Problem Explanation 📝

Problem: LeetCode 15 - 3Sum

Description: Given an array nums of n integers, find all unique triplets in the array which gives the sum of zero. The solution set must not contain duplicate triplets.

Intuition: To find unique triplets that sum up to zero, we can leverage the two-pointer approach. By sorting the array and iterating through each element, we can convert the problem into finding two numbers that sum up to the negation of the current element.

Approach:

  1. Sort the input array nums in non-decreasing order.
  2. Iterate through each element nums[i] from 0 to n-3 (exclusive):
  • If i > 0 and nums[i] is equal to nums[i-1], skip the current iteration to avoid duplicate triplets.
  • Initialize two pointers, left pointing to the element next to nums[i], and right pointing to the last element of the array.
  • Iterate while left is less than right:
  • Calculate the current sum of the elements nums[i], nums[left], and nums[right].
  • If the sum is equal to zero, add the triplet [nums[i], nums[left], nums[right]] to the result.
  • Increment left and decrement right to search for the next pair of elements.
  • Skip any duplicate values of nums[left] and nums[right] to avoid duplicate triplets.
  • If the sum is less than zero, increment left.
  • If the sum is greater than zero, decrement right.
  1. Return the result, which contains all unique triplets that sum up to zero.

Time Complexity: The time complexity is O(n^2), where n is the number of elements in the input array. Sorting the array takes O(nlogn) time, and iterating through the array with two pointers takes O(n^2) time.

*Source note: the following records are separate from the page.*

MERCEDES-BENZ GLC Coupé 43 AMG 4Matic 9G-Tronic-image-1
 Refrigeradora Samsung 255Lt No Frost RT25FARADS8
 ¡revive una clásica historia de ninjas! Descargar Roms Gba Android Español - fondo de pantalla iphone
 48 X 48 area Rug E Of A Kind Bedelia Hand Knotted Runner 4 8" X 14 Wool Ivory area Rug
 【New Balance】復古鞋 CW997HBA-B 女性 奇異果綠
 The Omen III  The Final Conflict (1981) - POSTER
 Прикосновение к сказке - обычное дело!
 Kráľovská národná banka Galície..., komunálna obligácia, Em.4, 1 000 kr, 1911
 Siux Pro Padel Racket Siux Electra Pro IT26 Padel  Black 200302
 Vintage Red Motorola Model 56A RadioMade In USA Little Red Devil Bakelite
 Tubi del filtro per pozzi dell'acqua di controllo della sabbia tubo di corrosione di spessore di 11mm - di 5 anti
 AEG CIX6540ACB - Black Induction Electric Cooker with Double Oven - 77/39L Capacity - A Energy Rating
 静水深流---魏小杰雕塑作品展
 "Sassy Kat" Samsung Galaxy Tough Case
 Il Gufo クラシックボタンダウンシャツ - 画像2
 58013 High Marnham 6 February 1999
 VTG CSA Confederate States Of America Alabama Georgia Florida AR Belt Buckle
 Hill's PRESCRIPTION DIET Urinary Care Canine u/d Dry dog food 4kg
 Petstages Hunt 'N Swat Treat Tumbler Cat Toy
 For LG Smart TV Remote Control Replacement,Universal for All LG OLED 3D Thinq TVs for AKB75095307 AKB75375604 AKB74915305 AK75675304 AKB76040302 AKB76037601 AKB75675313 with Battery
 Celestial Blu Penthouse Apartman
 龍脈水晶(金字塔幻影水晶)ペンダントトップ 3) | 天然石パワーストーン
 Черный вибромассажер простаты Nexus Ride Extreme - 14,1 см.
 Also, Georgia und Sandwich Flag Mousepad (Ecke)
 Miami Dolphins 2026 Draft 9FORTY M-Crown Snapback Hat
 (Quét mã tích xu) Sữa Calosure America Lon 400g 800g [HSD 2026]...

💾 Space Complexity: The space complexity is O(1) as we are using a constant amount of space to store the pointers and the result.

Solutions 💡

Cpp 💻

class Solution {
  public:
    vector<vector<int>> threeSum(vector<int> &nums) {
        vector<vector<int>> result;
        int n = nums.size();
        sort(nums.begin(), nums.end());

        for (int i = 0; i < n - 2; i++) {
            if (i > 0 && nums[i] == nums[i - 1]) {
                continue;
            }

            int left = i + 1, right = n - 1;

            while (left < right) {
                int sum = nums[i] + nums[left] + nums[right];

                if (sum == 0) {
                    result.push_back({nums[i], nums[left], nums[right]});
                    left++;
                    right--;

                    while (left < right && nums[left] == nums[left - 1]) {
                        left++;
                    }

                    while (left < right && nums[right] == nums[right + 1]) {
                        right--;
                    }
                } else if (sum < 0) {
                    left++;
                } else {
                    right--;
                }
            }
        }

        return result;
    }
};

Python 🐍

class Solution:
    def threeSum(self, nums: List[int]) -> List[List[int]]:
        nums.sort()
        result = []
        n = len(nums)

        for i in range(n - 2):
            if i > 0 and nums[i] == nums[i - 1]:
                continue

            left, right = i + 1, n - 1

            while left < right:
                current_sum = nums[i] + nums[left] + nums[right]

                if current_sum == 0:
                    result.append([nums[i], nums[left], nums[right]])

                    # Skip duplicates
                    while left < right and nums[left] == nums[left + 1]:
                        left += 1
                    while left < right and nums[right] == nums[right - 1]:
                        right -= 1

                    left += 1
                    right -= 1
                elif current_sum < 0:
                    left += 1
                else:
                    right -= 1

        return result